===== Extracted entries =====
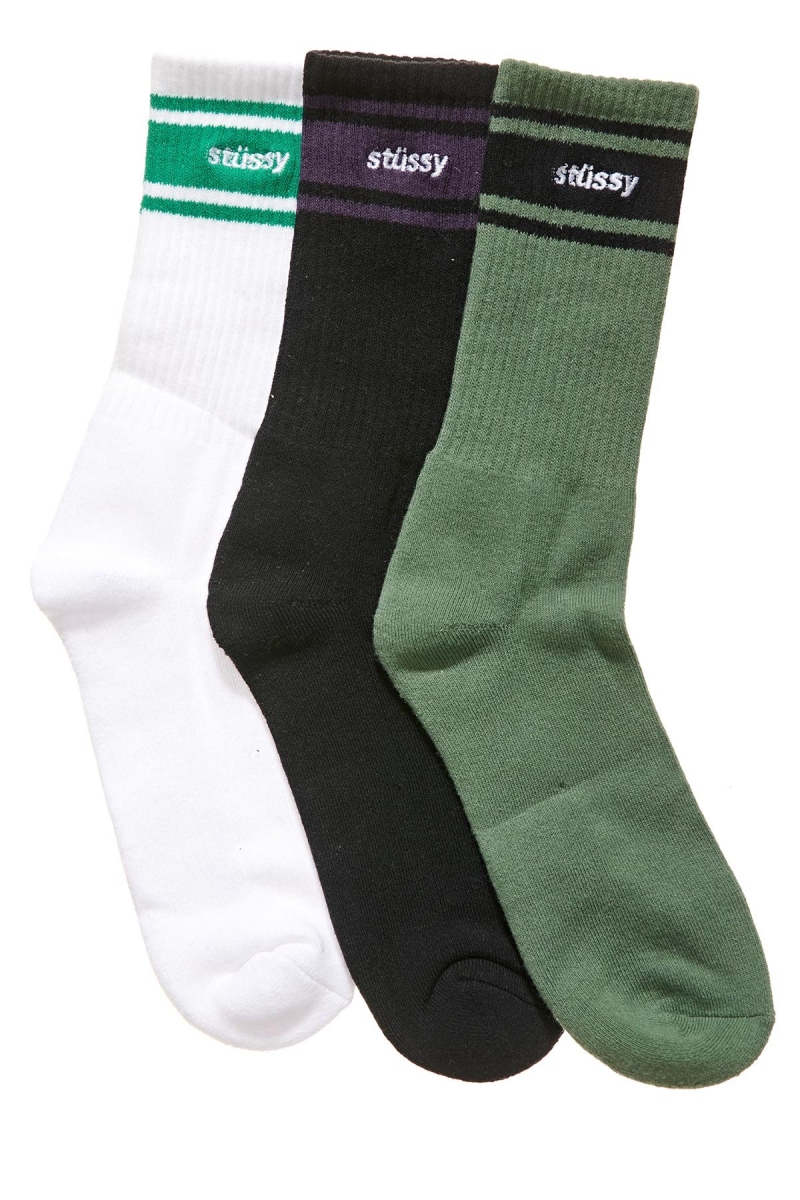 Green Stussy Italic Sports 3 Pack Men\'s Socks | PFW-175460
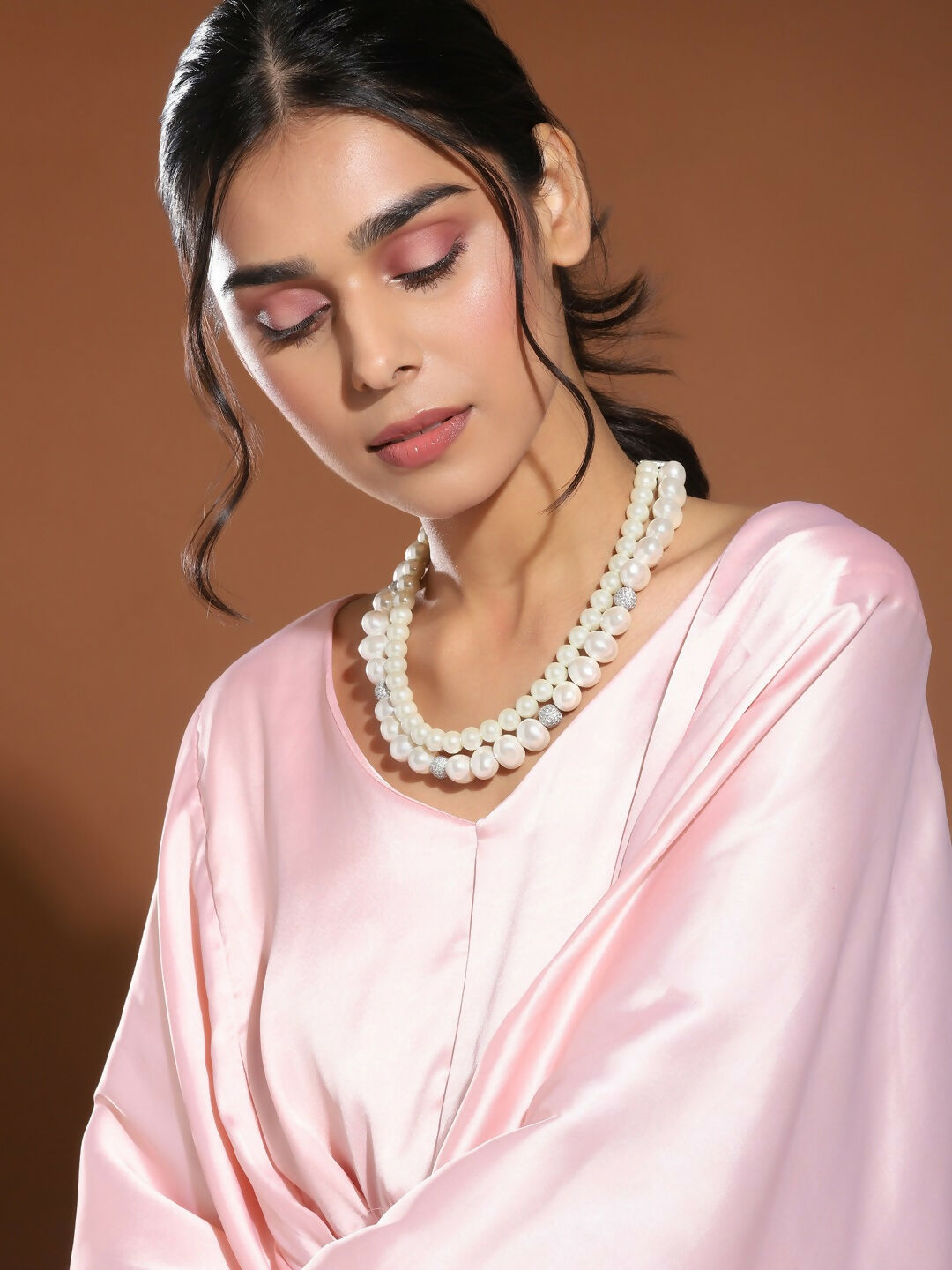 Layered Pearl White Neckpiece in Silver Chain- Ruby Raang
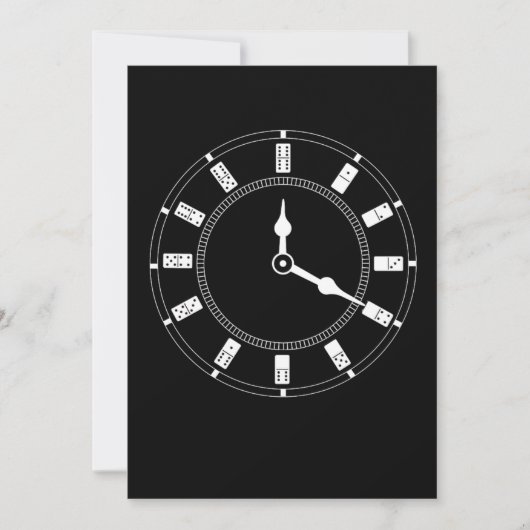 Domino Clock Dominoes Tiles Puzzler Game Gift Kaart (Voorkant)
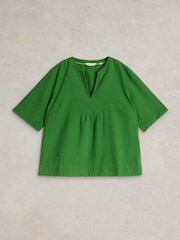 Verde - Blusa en mezcla de lino Ash de White Stuff - Imagen 6 de 6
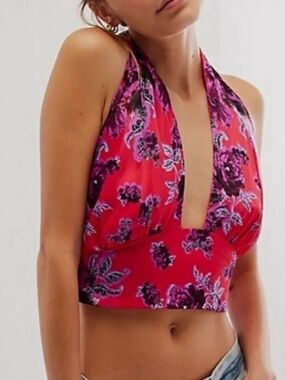 Free People Pink Floral Halter Crop Top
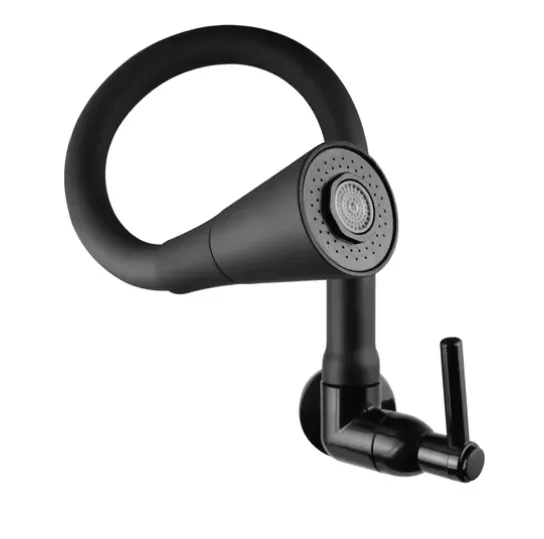 Torneira Gourmet Parede Cozinha Pia Dois Jatos Preta Abs Imagem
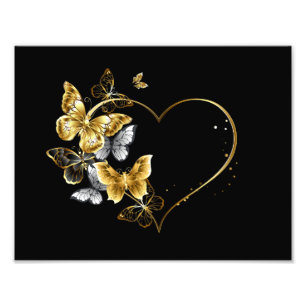 Herz mit goldenen Schmetterlingen Fotodruck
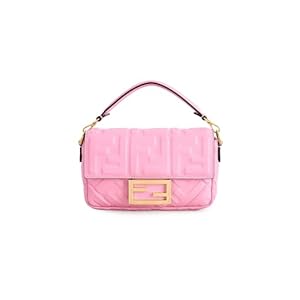 Fendi Women’s Pre-Loved Pink Embossed Baguette Crossbody Mini Bag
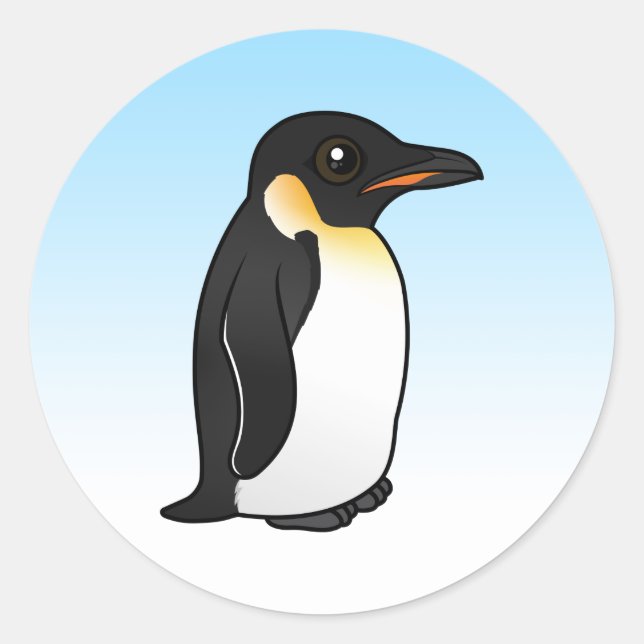 Niedlicher Kaiser Pinguin Runder Aufkleber (Vorderseite)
=====
* [Aim of the task] Leaving out all pictures, print exactly the lines above from the one containing "Layered Pearl White" through the last line of the entries.

* [Exercise answer]
 Layered Pearl White Neckpiece in Silver Chain- Ruby Raang
 Domino Clock Dominoes Tiles Puzzler Game Gift Kaart (Voorkant)
 Verde - Blusa en mezcla de lino Ash de White Stuff - Imagen 6 de 6
 Free People Pink Floral Halter Crop Top
 Torneira Gourmet Parede Cozinha Pia Dois Jatos Preta Abs Imagem
 Herz mit goldenen Schmetterlingen Fotodruck
 Fendi Women’s Pre-Loved Pink Embossed Baguette Crossbody Mini Bag
 Niedlicher Kaiser Pinguin Runder Aufkleber (Vorderseite)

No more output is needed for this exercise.